▸ Work instructions
What is wanted is the line holding "OEM inestable 0281002676" and every later line through the end of the entries, set down exactly.

▸ Data supplied
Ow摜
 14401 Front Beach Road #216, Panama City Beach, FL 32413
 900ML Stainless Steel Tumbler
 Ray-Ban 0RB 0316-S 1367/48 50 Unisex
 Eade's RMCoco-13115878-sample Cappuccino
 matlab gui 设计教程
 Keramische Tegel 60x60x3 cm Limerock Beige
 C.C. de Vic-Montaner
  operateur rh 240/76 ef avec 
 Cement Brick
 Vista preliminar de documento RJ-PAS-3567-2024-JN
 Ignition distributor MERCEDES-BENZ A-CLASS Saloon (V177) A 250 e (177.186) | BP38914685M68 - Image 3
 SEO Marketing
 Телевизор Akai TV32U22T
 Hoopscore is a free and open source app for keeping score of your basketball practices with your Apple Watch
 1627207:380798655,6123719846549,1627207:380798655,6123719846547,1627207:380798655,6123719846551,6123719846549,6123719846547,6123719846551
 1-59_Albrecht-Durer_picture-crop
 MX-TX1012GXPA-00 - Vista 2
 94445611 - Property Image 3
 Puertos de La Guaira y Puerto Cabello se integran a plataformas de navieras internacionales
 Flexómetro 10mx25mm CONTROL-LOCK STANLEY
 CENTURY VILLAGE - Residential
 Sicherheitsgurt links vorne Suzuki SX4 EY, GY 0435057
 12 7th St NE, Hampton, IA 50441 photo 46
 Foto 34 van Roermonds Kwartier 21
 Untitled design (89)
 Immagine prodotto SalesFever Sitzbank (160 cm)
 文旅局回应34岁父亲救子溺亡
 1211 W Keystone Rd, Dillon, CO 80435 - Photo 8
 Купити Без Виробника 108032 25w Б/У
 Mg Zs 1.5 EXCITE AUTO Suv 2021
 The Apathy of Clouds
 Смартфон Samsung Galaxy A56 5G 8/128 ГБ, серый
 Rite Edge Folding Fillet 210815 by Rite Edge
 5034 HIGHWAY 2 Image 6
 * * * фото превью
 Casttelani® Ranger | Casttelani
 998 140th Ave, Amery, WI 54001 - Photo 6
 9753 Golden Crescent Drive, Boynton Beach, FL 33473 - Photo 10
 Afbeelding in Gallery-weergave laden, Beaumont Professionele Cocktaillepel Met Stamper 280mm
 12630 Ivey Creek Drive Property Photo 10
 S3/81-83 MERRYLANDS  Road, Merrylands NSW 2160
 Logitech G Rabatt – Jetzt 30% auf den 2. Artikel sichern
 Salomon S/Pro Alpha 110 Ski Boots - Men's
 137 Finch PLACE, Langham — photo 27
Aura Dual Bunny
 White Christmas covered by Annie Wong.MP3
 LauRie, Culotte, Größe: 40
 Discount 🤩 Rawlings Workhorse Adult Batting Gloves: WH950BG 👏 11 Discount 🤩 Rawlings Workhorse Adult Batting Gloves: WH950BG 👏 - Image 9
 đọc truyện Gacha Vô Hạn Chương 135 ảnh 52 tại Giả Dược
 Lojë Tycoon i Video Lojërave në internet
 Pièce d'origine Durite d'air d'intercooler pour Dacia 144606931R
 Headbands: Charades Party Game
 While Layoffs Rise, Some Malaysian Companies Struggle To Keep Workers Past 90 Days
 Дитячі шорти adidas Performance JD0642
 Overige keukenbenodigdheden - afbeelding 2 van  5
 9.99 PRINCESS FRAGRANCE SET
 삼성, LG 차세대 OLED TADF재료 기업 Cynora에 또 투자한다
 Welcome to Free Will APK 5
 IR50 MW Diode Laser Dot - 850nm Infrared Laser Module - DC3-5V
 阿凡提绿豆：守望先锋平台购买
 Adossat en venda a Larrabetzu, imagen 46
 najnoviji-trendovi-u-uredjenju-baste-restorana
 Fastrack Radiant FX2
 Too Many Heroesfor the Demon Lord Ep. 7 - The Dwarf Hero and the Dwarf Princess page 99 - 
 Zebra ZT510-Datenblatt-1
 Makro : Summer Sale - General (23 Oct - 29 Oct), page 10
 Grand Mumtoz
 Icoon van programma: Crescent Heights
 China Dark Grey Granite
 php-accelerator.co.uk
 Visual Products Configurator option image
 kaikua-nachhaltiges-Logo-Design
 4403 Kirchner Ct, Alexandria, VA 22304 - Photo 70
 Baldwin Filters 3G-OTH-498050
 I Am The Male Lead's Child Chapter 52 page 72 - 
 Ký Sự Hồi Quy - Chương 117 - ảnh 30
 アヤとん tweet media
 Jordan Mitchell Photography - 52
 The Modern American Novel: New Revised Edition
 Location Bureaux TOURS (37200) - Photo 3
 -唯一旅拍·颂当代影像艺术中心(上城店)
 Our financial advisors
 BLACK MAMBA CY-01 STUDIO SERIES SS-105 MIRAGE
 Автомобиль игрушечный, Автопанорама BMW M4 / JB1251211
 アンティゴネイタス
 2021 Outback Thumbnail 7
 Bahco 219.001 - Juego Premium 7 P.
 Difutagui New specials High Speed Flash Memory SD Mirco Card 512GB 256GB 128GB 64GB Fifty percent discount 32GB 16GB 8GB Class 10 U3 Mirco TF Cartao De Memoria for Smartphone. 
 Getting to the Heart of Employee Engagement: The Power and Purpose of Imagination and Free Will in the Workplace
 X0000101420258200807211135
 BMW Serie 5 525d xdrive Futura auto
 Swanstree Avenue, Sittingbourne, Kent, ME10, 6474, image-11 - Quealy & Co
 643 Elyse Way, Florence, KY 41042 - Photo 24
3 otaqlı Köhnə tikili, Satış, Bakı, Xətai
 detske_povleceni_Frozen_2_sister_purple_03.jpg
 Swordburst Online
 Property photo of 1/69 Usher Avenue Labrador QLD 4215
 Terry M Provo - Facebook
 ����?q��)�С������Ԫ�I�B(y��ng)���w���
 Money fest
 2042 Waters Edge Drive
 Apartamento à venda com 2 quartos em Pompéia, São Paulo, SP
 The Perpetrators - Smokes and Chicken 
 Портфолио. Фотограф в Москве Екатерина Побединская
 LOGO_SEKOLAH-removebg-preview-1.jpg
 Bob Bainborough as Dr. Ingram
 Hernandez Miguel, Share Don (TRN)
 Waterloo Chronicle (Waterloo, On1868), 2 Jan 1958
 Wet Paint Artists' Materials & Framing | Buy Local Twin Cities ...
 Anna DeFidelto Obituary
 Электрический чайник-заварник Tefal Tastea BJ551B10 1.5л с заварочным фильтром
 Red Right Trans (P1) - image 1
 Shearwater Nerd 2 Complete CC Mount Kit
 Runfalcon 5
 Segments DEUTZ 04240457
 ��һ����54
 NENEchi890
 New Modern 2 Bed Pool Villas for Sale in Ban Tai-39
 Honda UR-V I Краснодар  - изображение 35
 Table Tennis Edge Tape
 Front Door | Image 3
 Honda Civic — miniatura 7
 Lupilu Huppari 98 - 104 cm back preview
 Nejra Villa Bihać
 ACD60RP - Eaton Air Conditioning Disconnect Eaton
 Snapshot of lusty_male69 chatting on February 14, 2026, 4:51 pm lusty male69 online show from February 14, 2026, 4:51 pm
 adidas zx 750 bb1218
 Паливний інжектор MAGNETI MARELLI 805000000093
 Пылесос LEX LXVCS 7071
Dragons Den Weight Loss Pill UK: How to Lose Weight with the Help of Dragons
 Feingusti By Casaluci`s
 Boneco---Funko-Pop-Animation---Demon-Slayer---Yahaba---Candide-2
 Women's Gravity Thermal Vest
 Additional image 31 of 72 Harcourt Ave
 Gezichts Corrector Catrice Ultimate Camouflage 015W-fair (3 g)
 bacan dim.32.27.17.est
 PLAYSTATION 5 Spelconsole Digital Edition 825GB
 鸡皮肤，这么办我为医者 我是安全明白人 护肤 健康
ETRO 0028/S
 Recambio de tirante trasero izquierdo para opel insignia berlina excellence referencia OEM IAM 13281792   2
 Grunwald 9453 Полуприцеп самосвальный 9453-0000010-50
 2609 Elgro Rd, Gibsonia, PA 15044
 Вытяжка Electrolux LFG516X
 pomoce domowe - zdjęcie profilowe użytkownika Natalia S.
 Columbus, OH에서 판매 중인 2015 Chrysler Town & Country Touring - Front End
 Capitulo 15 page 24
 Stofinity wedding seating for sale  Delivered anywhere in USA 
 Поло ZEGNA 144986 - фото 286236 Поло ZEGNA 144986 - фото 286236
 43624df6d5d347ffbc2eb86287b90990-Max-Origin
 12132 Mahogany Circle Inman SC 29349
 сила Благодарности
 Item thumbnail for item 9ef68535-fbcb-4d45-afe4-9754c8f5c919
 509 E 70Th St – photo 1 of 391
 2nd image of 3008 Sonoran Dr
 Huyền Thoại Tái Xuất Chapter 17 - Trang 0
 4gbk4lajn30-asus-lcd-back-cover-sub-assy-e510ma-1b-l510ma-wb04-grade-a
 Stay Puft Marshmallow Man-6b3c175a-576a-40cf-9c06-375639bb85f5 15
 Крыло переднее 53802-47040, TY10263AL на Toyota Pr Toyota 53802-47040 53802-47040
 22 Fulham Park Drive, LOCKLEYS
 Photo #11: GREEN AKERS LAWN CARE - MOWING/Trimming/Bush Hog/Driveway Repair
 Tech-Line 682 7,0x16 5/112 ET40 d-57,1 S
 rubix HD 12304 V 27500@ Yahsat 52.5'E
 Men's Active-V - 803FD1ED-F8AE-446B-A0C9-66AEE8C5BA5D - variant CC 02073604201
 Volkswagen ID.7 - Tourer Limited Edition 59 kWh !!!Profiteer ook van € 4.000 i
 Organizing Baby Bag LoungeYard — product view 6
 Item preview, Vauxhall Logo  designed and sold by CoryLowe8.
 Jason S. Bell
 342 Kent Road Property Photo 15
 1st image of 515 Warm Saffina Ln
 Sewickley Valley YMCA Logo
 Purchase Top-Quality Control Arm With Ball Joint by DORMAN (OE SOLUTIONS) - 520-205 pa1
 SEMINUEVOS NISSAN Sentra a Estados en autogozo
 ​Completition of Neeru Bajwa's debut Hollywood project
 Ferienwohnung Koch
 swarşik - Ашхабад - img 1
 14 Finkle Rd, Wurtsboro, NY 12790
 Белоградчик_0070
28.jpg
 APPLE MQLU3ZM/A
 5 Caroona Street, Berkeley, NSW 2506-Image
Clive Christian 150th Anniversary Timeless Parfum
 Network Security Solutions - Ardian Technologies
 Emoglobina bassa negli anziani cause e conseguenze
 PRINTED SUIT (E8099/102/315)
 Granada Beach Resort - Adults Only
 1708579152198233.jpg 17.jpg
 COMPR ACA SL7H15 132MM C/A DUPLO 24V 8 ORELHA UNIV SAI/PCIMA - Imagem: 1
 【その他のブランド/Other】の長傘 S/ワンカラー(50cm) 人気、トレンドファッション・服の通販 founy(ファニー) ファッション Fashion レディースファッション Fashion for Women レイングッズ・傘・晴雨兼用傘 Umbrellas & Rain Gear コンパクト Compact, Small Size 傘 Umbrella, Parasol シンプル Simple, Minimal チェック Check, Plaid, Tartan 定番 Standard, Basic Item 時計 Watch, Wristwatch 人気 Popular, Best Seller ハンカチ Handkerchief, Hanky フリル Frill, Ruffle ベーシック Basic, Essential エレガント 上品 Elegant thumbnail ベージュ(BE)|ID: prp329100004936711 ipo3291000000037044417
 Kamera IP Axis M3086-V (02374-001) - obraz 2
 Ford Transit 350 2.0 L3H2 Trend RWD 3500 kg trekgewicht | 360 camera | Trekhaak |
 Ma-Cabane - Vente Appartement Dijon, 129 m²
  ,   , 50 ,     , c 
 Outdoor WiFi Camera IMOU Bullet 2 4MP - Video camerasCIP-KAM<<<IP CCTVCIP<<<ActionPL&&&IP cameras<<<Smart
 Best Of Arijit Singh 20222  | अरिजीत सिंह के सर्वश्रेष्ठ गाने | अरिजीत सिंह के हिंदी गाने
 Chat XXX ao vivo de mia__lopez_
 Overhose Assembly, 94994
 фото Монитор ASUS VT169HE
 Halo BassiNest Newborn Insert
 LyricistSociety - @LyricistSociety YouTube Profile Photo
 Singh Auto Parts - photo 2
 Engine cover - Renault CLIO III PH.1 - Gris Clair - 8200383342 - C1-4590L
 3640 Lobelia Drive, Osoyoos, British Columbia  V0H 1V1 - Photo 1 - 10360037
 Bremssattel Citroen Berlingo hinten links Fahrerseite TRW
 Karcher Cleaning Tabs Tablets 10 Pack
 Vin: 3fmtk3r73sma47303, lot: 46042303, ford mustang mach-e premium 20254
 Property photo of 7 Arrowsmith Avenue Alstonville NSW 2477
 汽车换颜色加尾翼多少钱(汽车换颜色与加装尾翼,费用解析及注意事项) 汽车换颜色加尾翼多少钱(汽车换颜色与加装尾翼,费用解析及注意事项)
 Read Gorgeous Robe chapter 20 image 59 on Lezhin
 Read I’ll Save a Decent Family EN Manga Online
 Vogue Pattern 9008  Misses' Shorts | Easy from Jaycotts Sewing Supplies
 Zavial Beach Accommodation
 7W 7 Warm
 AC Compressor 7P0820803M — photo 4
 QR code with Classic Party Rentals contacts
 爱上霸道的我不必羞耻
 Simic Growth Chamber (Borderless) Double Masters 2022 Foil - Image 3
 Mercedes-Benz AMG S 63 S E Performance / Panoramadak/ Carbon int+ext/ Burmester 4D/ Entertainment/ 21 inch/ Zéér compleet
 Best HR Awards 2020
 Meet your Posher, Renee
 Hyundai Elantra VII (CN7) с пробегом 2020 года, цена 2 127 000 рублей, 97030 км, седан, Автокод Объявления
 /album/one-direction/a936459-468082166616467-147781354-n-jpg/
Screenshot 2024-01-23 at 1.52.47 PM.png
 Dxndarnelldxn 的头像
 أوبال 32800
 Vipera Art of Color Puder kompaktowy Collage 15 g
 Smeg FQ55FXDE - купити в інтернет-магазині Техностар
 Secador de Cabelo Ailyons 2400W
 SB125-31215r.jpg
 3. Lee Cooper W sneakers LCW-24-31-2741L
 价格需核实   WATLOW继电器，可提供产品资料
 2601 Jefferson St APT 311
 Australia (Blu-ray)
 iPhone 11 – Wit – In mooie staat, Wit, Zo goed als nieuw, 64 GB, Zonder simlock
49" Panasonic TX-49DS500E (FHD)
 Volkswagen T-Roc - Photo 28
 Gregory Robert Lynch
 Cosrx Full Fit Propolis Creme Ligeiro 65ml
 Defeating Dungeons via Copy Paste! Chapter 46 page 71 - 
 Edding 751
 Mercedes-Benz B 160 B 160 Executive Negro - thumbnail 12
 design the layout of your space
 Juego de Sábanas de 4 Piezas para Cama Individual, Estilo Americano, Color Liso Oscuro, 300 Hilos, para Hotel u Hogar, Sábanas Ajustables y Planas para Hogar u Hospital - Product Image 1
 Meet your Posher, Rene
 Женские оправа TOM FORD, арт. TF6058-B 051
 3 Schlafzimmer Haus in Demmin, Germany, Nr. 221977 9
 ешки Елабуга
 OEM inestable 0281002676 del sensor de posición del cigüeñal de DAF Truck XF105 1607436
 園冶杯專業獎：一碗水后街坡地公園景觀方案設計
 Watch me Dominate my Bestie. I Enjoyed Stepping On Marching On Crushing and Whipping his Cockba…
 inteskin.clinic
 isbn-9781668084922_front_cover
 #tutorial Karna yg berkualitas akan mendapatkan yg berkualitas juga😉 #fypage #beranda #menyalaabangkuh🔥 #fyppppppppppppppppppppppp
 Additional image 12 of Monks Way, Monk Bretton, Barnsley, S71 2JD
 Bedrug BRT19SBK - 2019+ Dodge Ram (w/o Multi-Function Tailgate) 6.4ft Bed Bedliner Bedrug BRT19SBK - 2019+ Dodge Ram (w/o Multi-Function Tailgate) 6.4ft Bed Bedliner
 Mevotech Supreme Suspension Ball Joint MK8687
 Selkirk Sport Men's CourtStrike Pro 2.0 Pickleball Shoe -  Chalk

▸ Answer to this exercise
 OEM inestable 0281002676 del sensor de posición del cigüeñal de DAF Truck XF105 1607436
 園冶杯專業獎：一碗水后街坡地公園景觀方案設計
 Watch me Dominate my Bestie. I Enjoyed Stepping On Marching On Crushing and Whipping his Cockba…
 inteskin.clinic
 isbn-9781668084922_front_cover
 #tutorial Karna yg berkualitas akan mendapatkan yg berkualitas juga😉 #fypage #beranda #menyalaabangkuh🔥 #fyppppppppppppppppppppppp
 Additional image 12 of Monks Way, Monk Bretton, Barnsley, S71 2JD
 Bedrug BRT19SBK - 2019+ Dodge Ram (w/o Multi-Function Tailgate) 6.4ft Bed Bedliner Bedrug BRT19SBK - 2019+ Dodge Ram (w/o Multi-Function Tailgate) 6.4ft Bed Bedliner
 Mevotech Supreme Suspension Ball Joint MK8687
 Selkirk Sport Men's CourtStrike Pro 2.0 Pickleball Shoe -  Chalk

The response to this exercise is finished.